Замечу попутно, что политические и общественные интересы Бродского были весьма широки: он живейшим образом вникал в хитросплетения американской и российской политики. Не припомню за 1995 год ни одного нашего разговора, который бы не касался так или иначе проблемы Чеченской войны. Предполагая, что по роду службы на радио “Свобода” я должен быть подробно осведомлен, Иосиф каждый раз буквально требовал отчета о событиях.


Гражданственный интерес явственно присутствует в его стихах и прозе (“Post aetatem nostram”, “Пятая годовщина”, “Мрамор” и многое другое, не говоря об откровенно публицистических “Представлении” и “Демократии!”), и вообще “Бродский и политика” — отдельная тема, и важная тема, поскольку дает несколько иной ракурс, чем тот привычный, в котором обычно видится и предстает поэт.


С особым наслаждением Бродский повторял первые слова “Горюхина”: “Если Бог пошлет мне читателей...” — говоря, что такому писательскому смирению надо учиться всем. “Тот случай, когда досадно, что фраза уже написана?” — спросил я, и Иосиф, засмеявшись, ответил: “Да, я бы не против”.


Надо сказать, что в широком смысле он всегда и начинал с такой фразы. Английское понятие understatement присутствовало в его авторском сознании: “преуменьшение”, “неакцентирование”, “сдержанность”. Это проявлялось и в непременном “стишки” по отношению к своим стихам, и в полном отсутствии всякой прочей самопатетики.
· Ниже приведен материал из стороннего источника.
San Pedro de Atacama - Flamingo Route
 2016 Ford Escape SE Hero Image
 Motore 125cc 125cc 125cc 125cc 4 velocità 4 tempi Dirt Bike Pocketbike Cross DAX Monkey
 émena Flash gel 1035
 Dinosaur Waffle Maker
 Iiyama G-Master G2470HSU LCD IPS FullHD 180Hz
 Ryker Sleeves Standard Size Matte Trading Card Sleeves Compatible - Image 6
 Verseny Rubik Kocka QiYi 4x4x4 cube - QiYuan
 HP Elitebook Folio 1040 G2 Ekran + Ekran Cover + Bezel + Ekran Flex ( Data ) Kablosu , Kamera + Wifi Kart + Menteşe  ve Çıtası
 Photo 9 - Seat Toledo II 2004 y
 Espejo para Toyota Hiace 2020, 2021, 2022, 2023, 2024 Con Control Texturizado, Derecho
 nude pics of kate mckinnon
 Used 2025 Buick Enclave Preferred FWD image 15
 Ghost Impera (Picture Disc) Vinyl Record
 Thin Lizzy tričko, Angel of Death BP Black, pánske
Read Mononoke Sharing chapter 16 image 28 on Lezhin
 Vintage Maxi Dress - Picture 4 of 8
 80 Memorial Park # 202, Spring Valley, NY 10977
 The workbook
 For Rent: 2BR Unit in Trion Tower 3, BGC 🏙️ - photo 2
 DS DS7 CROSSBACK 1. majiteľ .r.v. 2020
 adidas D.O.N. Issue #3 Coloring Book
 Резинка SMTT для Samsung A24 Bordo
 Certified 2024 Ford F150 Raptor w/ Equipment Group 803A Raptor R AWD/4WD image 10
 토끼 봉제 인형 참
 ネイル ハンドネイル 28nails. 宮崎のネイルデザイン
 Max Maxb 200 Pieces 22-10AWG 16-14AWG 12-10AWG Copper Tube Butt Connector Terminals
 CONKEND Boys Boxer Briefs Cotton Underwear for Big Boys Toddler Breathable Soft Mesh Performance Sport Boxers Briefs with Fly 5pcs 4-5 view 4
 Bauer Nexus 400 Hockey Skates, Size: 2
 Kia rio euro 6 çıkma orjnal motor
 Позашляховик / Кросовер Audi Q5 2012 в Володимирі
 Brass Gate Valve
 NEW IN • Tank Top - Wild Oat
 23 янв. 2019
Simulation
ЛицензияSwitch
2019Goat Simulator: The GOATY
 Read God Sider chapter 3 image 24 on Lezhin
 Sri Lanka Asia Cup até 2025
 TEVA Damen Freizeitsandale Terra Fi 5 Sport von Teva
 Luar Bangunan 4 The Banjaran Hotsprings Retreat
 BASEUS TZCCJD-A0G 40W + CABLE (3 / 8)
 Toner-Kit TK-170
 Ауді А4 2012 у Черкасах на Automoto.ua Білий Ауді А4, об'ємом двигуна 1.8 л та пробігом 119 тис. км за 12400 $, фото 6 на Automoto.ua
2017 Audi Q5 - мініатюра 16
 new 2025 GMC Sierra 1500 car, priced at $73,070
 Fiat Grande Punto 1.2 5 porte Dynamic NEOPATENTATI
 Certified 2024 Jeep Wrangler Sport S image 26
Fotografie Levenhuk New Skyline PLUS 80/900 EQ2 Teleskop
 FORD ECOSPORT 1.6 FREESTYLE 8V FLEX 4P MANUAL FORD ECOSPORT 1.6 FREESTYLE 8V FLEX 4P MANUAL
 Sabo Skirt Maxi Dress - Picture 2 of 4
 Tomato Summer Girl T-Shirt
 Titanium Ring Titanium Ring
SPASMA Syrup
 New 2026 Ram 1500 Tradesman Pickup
Невозможно представить, чтобы Бродский произнес “мое творчество”, “моя поэзия”. Он не говорил даже “я сегодня работал”, предпочитая что-нибудь такое: “мы сегодня сочиняли всякую всячину”. Здесь отстранение от пафоса достигалось многократно—и сниженным разговорным “сочинять”, и добавлением пренебрежительной “всячины”, и отказом от самого местоимения первого числа. Это было очень характерно для Бродского: он как бы стеснялся просто самого слова “я”, очень часто заменяя его либо на “мы”, либо на иронически вывернутое обращение “моя милость”, либо на еще более далекое от “ячества” третье лицо — и тогда появлялись конструкции вроде “к каждому Рождеству этот господин сочиняет стишок”.


Пушкинское “Если Бог пошлет мне читателей” было, кажется, для Бродского не только образцовым манифестом understatement'a, но имело и более буквальное значение. Достигший, всех мыслимых вершин признания и славы, он искренне и с какой-то даже простодушной заинтересованностью относился к мнениям читателей. Любых читателей, чему свидетелем я не раз бывал, но, конечно, профессиональных — особенно. Как-то в разговоре я упомянул о том, что “Осенний крик ястреба” особо чтим поэтами (слыхал это от Льва Лосева, Сергея Гандлевского, Алексея Цветкова, Михаила Айзенберга, Томаса Венцлова) и был удивлен реакцией Иосифа: “Правда? Действительно так?” С досадой он добавил: “Мне не говорят”. И, разумеется, это не было поэтическим кокетством, а сущей правдой: Бродский находился на таких высотах, куда направлять свое одобрение или даже восхищение казалось безвкусицей и неприличием. По мемуарам о Пушкине разбросаны схожие факты, и надо полагать, не фигурой речи был зачин “Горюхина”: “Если Бог пошлет мне читателей...”.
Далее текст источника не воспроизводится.